The target peptide sequence were inserted into the NdeI and SpeI sites of the previously constructed plasmid pET30a-LipA-I-ELK16, yielding the first expression vector pET-P-Intein-ELK16 [21]. For the second vector, the trxA gene (GenBank: AAA24534.1) encoding thioredoxin (Trx) was amplified from the E. coli BL21 (DE3) genome, digested with NdeI and SpeI restriction enzymes, and then ligated with the similarly digested pET30a-LipA-I-ELK16. The resultant plasmid pET-Trx-Intein-ELK16 contained a GS linker and an additional BglII site between the Trx and intein sequences. The target peptides were amplified with the introduction of an enterokinase site DDDDK at the 5′ end, digested with BglII and SpeI restriction enzymes and inserted into the digested pET-Trx-Intein-ELK16 with the same cohesive ends, yielding the second expression vector pET-Trx-P-Intein-ELK16. E. coli BL21 (DE3) was used throughout for cloning and protein expression.

Expression and intein-mediated cleavage of fusion proteins

Escherichia coli BL21(DE3) cells harboring plasmid pET-P-Intein-ELK16 or pET-Trx-P-Intein-ELK16 were inoculated into Luria–Bertani (LB) medium supplemented with 50 mg/L kanamycin and incubated at 37 °C with shaking (250 rpm). Isopropyl β-D-1-thiogalactopyranoside was added to a final concentration of 0.2 mM to initiate protein expression when OD600 reached 0.4–0.6. The cultures were then continued for an additional 6 h at 30 °C (for the peptide GLP-1 and Ex4, expression was carried out at 37 °C for 6 h to achieve better expression), and then harvested by centrifugation at 6000×g for 10 min and pellets were stored at −70 °C for further assay and analysis.

Harvested cell pellets were re-suspended in buffer B1 (20 mM Tris–HCl, 500 mM NaCl, 1 mM EDTA, pH 8.5) to 10 OD culture/mL, followed by sonication (Ultrasonic crasher; Scientz JY92-IIN, Ningbo, China). The soluble fractions were isolated from the aggregates by centrifugation at 15,000×g for 15 min at 4 °C. The precipitates were washed twice with buffer B1, and re-suspended in the same volume of Buffer B3 (20 mM Tris–HCl, 500 mM NaCl, 1 mM EDTA, 40 mM dithiothreitol, pH 8.5). Intein-mediated cleavage reactions were performed by incubating the samples at 4 °C overnight. Then, the soluble and insoluble fractions were separated by centrifugation at 15,000×g for 15 min at 4 °C.

Protein quantification

Protein samples were analyzed by denaturing polyacrylamide gel electrophoresis using 12 % SDS-PAGE gels or precast NuPAGE® precast 4–12 % Bis–Tris Gels from Invitrogen (Beijing, China), followed by staining with Coomassie Brilliant Blue G-250. The compositions and protein amounts of all samples were determined densitometrically with Quantity One software (Bio-Rad Laboratories, Hercules, CA, USA) using bovine serum albumin (BSA) and aprotinin as standards and adjusted according to the loading volume.
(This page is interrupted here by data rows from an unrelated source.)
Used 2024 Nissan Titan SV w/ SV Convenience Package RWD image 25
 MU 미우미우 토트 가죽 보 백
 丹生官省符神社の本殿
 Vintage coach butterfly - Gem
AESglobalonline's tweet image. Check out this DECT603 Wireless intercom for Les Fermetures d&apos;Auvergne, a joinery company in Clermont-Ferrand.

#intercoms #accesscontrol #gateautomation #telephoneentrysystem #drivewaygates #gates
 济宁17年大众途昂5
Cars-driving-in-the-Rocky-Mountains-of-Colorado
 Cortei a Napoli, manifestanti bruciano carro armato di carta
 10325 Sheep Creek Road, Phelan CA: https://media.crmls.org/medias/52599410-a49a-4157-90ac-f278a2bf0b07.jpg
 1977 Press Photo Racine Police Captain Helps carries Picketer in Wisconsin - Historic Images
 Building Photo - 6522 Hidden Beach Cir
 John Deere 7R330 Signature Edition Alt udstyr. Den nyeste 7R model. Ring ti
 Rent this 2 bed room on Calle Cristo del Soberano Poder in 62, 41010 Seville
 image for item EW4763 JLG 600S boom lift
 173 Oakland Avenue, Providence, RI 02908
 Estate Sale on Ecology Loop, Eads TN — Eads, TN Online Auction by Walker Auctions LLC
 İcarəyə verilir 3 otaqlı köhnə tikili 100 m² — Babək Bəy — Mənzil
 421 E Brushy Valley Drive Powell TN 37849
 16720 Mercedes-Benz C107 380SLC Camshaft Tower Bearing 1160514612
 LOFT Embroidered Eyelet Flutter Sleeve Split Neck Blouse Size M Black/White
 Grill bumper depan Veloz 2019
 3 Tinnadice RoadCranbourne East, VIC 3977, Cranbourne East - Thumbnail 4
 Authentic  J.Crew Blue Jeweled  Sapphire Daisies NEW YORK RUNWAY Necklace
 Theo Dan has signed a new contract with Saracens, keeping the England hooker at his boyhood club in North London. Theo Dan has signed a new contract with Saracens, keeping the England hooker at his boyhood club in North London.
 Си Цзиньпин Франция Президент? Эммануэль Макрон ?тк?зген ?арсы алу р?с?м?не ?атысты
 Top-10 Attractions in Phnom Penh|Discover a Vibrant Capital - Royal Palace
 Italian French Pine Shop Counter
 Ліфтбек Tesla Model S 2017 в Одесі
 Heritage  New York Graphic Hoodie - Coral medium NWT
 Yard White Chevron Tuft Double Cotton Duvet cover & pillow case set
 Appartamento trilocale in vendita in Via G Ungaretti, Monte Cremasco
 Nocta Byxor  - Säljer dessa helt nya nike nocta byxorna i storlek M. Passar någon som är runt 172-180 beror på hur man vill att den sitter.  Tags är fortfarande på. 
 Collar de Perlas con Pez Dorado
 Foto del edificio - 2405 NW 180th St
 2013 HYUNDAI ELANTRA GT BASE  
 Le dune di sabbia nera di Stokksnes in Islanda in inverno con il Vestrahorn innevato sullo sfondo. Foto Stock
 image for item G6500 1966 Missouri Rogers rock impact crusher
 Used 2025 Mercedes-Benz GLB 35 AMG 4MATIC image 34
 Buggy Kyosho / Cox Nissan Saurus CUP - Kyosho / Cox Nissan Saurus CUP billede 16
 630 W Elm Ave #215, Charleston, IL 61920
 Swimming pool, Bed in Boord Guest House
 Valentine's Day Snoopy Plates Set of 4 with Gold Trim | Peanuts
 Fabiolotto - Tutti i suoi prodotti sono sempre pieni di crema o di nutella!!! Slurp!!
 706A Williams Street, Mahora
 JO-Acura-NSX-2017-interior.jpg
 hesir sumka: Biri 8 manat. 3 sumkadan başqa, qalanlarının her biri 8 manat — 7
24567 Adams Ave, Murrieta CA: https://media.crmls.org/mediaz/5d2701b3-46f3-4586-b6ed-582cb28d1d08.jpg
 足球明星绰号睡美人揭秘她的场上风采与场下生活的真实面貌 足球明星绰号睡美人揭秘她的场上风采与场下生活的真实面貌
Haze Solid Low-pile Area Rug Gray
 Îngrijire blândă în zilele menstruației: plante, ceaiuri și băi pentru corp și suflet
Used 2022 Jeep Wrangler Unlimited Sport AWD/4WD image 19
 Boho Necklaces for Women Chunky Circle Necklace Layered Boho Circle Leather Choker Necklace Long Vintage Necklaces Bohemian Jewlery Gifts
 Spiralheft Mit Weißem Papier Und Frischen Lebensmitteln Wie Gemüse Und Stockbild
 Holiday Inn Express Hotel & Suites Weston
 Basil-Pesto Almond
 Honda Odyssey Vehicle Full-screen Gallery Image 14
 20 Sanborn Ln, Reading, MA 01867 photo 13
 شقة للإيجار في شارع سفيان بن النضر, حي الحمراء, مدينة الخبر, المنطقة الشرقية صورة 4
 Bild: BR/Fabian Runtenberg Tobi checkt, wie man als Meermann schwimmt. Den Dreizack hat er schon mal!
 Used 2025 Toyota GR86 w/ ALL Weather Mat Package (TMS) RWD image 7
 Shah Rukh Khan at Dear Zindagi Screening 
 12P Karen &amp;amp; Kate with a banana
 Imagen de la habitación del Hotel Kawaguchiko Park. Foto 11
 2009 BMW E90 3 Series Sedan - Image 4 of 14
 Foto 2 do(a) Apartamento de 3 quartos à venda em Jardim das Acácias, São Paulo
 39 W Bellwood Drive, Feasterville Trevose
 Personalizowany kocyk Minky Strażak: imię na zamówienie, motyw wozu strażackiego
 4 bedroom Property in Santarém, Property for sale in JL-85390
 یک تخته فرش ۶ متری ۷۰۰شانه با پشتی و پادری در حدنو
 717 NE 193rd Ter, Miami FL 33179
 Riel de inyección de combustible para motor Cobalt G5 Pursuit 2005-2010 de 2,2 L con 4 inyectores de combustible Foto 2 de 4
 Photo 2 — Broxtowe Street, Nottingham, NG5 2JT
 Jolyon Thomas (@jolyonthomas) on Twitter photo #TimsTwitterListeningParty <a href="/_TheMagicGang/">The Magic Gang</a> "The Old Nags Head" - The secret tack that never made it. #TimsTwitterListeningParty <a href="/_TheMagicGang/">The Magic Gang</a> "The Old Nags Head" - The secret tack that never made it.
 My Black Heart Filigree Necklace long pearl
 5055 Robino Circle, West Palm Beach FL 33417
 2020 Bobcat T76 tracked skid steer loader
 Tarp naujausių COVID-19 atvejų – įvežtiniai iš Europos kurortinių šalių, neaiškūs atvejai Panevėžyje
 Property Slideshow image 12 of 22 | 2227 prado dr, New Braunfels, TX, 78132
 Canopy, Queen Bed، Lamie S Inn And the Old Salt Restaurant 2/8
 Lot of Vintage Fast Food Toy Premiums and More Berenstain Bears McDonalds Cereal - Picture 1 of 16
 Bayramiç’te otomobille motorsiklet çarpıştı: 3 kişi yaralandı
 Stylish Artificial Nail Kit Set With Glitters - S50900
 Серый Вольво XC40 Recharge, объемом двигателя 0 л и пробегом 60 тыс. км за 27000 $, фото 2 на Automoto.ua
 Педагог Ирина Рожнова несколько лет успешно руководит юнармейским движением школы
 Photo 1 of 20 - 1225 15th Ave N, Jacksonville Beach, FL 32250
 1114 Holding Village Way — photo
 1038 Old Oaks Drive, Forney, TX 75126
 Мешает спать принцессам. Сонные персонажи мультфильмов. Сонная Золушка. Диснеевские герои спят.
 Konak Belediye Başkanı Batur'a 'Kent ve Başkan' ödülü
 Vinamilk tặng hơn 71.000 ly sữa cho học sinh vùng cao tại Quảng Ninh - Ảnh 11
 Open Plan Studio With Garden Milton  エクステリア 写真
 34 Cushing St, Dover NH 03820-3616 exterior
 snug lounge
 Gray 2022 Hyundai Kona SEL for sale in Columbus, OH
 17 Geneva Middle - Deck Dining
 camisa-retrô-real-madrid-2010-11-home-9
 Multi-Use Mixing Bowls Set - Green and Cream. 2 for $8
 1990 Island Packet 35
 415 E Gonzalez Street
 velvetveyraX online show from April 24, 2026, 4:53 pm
Denaturation and refolding

The insoluble fraction after intein-mediated cleavage was re-suspended in Buffer BD (Buffer B1 containing 6 M guanidine hydrochloride) and incubated at 25 °C for 2 h. The insoluble debris was removed by centrifugation by centrifugation at 15,000×g for 15 min at 4 °C. Refolding was carried out by 1:50 dilution into Buffer BR (Buffer B1 containing 0.1 mM reduced glutathione, and 0.1 mM oxidized glutathione) with rapid stirring and then incubated at 4 °C for 24 h without further stirring. Insoluble debris containing unfolded proteins was removed by centrifugation at 15,000×g for 15 min at 4 °C and then filtered through a 0.25-μm membrane. The soluble fraction was desalted and concentrated by ultrafiltration using a Millipore Amicon® Ultra-4 centrifugal filter device (3000 molecular weight cutoff).

Reverse phase-high performance liquid chromatography (RP-HPLC)

The protein samples were applied to a BioBond™ C18 or C4 column (250 × 4.6 mm) (Dikma, Tianjing, China) connected to a Prominence LC-20A HPLC system (Shimadzu, Hong Kong, China), and eluted using a linear gradient from 5 to 80 % mobile phase B (Phase A: 0.12 % trifluoroacetic acid; Phase B: 80 % acetonitrile in water, 0.1 % trifluoroacetic acid) at a flow rate of 1 mL/min over 60 min. Target peaks were collected using an automatic fraction collector FRC-10A (Shimadzu), lyophilized and resuspended in water for MALDI-TOF MS analysis.

Maldi-tof ms

MALDI-TOF MS was performed using the linear mode on an ABI 4800 plus MALDI-TOF/TOF MS Spectrometer by the Center of Biomedical Analysis, Tsinghua University.